Pengamat ekonomi pertanian Universitas Lampung (Unila) Teguh Endaryanto menyoroti bahwa perlambatan ini terutama disebabkan oleh rendahnya produktivitas komoditas unggulan dan kualitas sumber daya manusia (SDM) di sektor pertanian.
Teguh menjelaskan bahwa produktivitas di beberapa komoditas andalan Lampung masih jauh di bawah potensi maksimalnya.
BACA JUGA:Pertumbuhan Pertanian Terus Melambat, Perdagangan Jadi Penyelamat
’’Kopi Lampung baru sekitar 1 ton per hektare, sementara lada Lampung hanya 400–500 kg per hektare. Begitu juga dengan singkong, yang produktivitasnya sekitar 27 ton per hektare, padahal di tempat lain bisa mencapai 35 ton per hektare,” ungkap Teguh.
Ia menegaskan, perlunya peningkatan produktivitas agar sektor pertanian kembali bergairah. Selain itu, hilirisasi produk pertanian juga menjadi kunci untuk meningkatkan nilai tambah.
"Jangan hanya menjual bahan baku seperti gabah, tapi diolah menjadi beras. Atau pisang yang dikirim keluar daerah masih dalam bentuk mentah, seharusnya diolah menjadi produk setengah jadi atau jadi agar nilai tambahnya lebih tinggi," tambahnya.
Selain masalah produktivitas, Teguh juga menyoroti persoalan SDM. Mayoritas petani di Lampung memiliki tingkat pendidikan relatif rendah, yaitu SMP ke bawah. Hal ini menjadi hambatan untuk mengadopsi teknologi dan praktik pertanian modern yang dapat meningkatkan hasil panen.
“Bagaimana kita mau meningkatkan produktivitas kalau SDM kita masih relatif rendah?” ujarnya. Ia menekankan pentingnya mendorong peningkatan kualitas SDM di sektor pertanian.
Meski demikian, data dari Badan Pusat Statistik (BPS) menunjukkan Nilai Tukar Petani (NTP) Lampung masih di atas angka 100, yang menandakan pendapatan petani secara indeks masih lebih besar dari pengeluaran mereka. Namun, Teguh mengingatkan untuk mewaspadai tren penurunan NTP dalam beberapa bulan terakhir.

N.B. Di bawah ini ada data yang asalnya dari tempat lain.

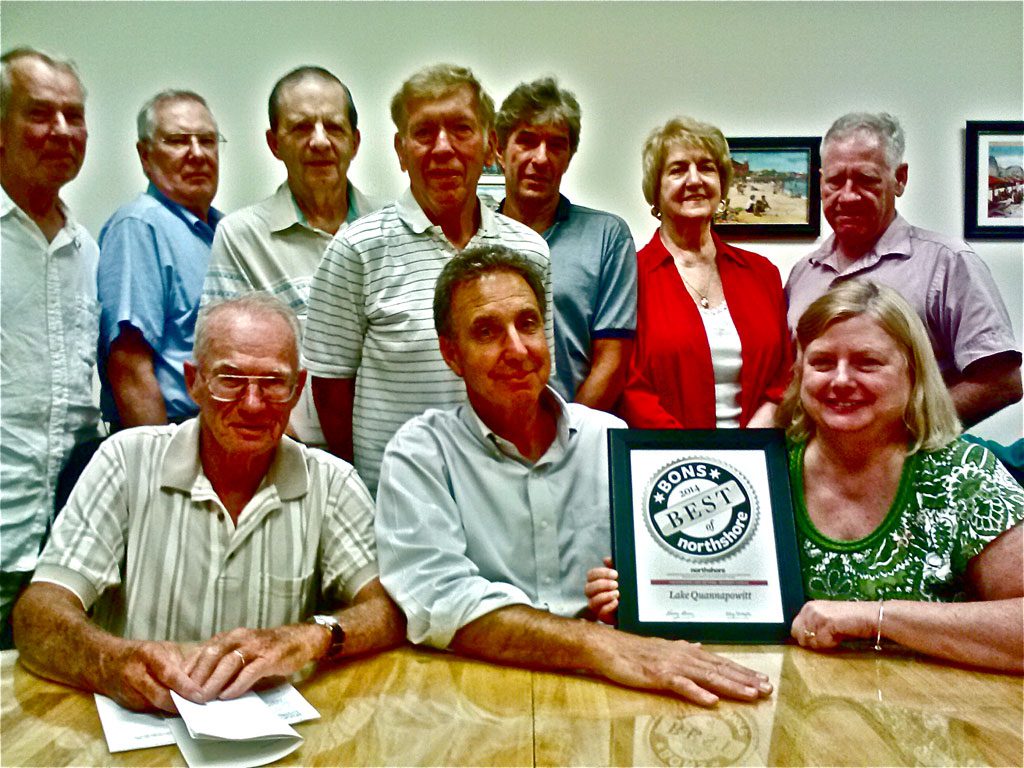 CELEBRATING THE “Best of North Shore” award for “Best Lake” are Friends of Lake Quannapowitt board members. In the front row are Jim Scott, Bill Conley (President) and Leeila Given. In the back row are  Joe Twichell, Jim Murphy, Bill Butler, John Anderson, Doug Mildram, Mary Salois and Ed Spaulding.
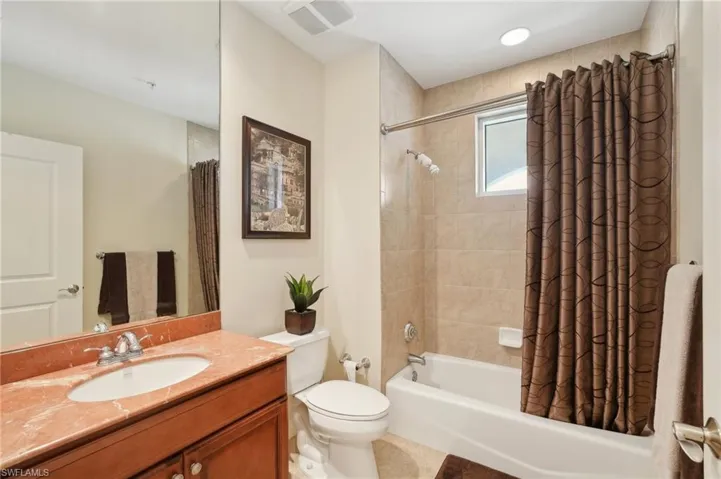Full bathroom featuring toilet, vanity, shower / tub combo with curtain, and visible vents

“Kita perlu mencermati tren penurunan NTP di April, Mei, Juni, dan Juli. Jangan sampai pertumbuhan ekonomi kita naik, tetapi NTP-nya terus menurun. Ini akan menjadi masalah serius bagi kesejahteraan petani dalam jangka panjang,” tegas Teguh.
Ia juga menambahkan bahwa meskipun sektor pertanian menyerap 40 persen tenaga kerja, ironisnya, sektor ini juga menjadi penyumbang terbesar tingkat kemiskinan.
Kompleksitas masalah ini menunjukkan perlunya sinergi antara peningkatan produktivitas, hilirisasi, dan perbaikan kualitas SDM untuk memajukan sektor pertanian Lampung. (pip/c1/yud)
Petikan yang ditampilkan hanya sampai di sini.